-- Task description --
Repeat each entry below exactly, omitting any picture it holds.

####################

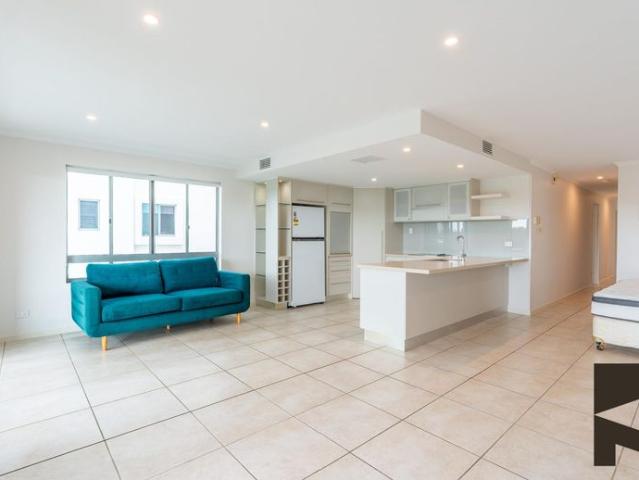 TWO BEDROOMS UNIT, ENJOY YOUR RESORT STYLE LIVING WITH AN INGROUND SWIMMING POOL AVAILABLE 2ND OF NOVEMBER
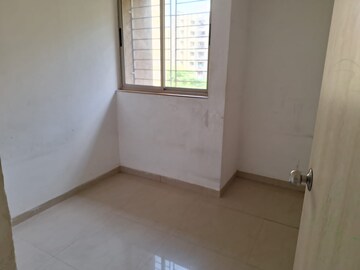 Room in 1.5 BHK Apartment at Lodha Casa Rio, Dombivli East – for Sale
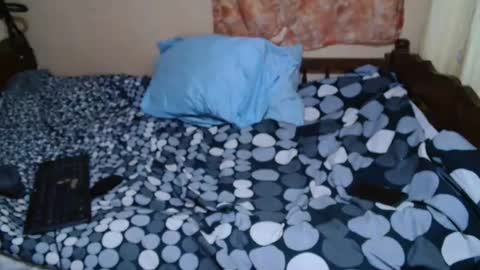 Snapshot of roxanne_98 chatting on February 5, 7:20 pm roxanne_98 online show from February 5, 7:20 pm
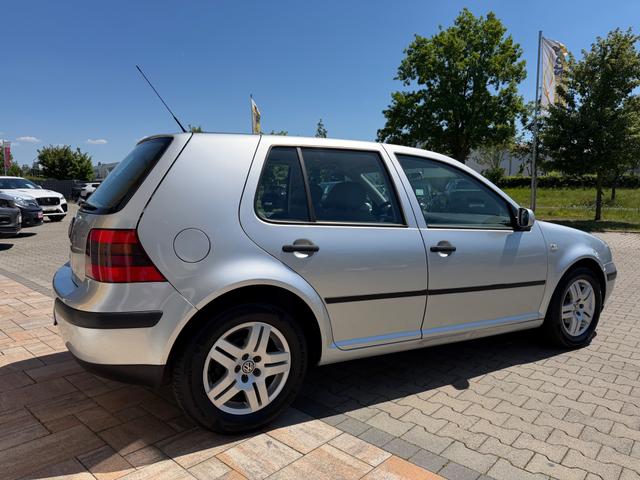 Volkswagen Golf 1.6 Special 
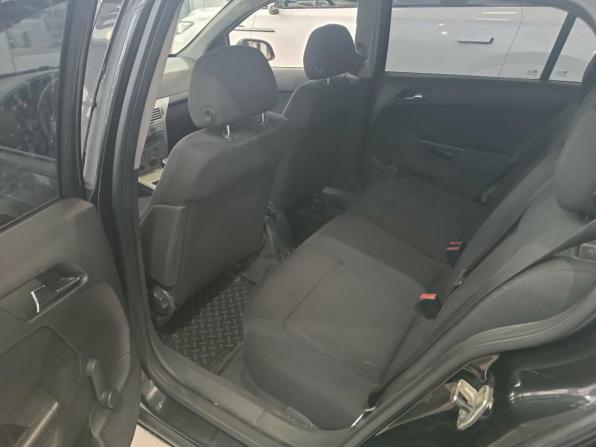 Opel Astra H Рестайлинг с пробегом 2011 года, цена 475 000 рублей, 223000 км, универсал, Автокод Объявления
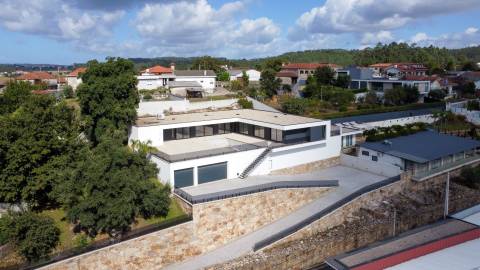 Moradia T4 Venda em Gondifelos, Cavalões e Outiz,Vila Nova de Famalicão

####################

-- Answer section --
 TWO BEDROOMS UNIT, ENJOY YOUR RESORT STYLE LIVING WITH AN INGROUND SWIMMING POOL AVAILABLE 2ND OF NOVEMBER
 Room in 1.5 BHK Apartment at Lodha Casa Rio, Dombivli East – for Sale
 Snapshot of roxanne_98 chatting on February 5, 7:20 pm roxanne_98 online show from February 5, 7:20 pm
 Volkswagen Golf 1.6 Special 
 Opel Astra H Рестайлинг с пробегом 2011 года, цена 475 000 рублей, 223000 км, универсал, Автокод Объявления
 Moradia T4 Venda em Gondifelos, Cavalões e Outiz,Vila Nova de Famalicão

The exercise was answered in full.